# Assigned task:
Everything from the line containing "Sunset at the" through the line containing "Feliz joven pareja" should be repeated exactly, and nothing else from the data.

# Extracted entries:

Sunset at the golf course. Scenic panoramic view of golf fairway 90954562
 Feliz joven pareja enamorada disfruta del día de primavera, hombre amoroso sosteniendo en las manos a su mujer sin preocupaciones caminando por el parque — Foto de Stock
==
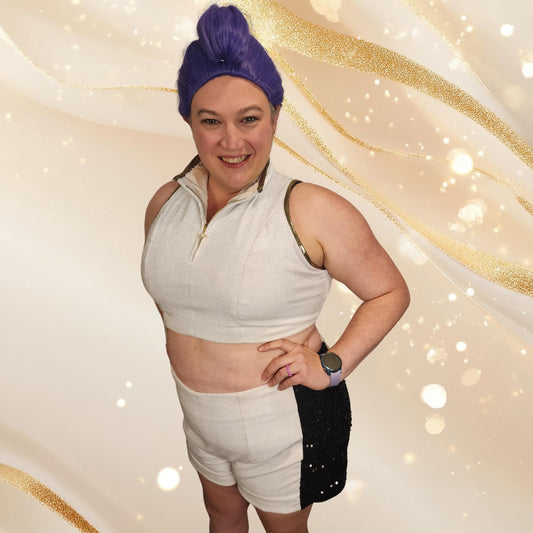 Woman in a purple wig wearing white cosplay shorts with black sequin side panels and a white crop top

# Your solution:
Sunset at the golf course. Scenic panoramic view of golf fairway 90954562
 Feliz joven pareja enamorada disfruta del día de primavera, hombre amoroso sosteniendo en las manos a su mujer sin preocupaciones caminando por el parque — Foto de Stock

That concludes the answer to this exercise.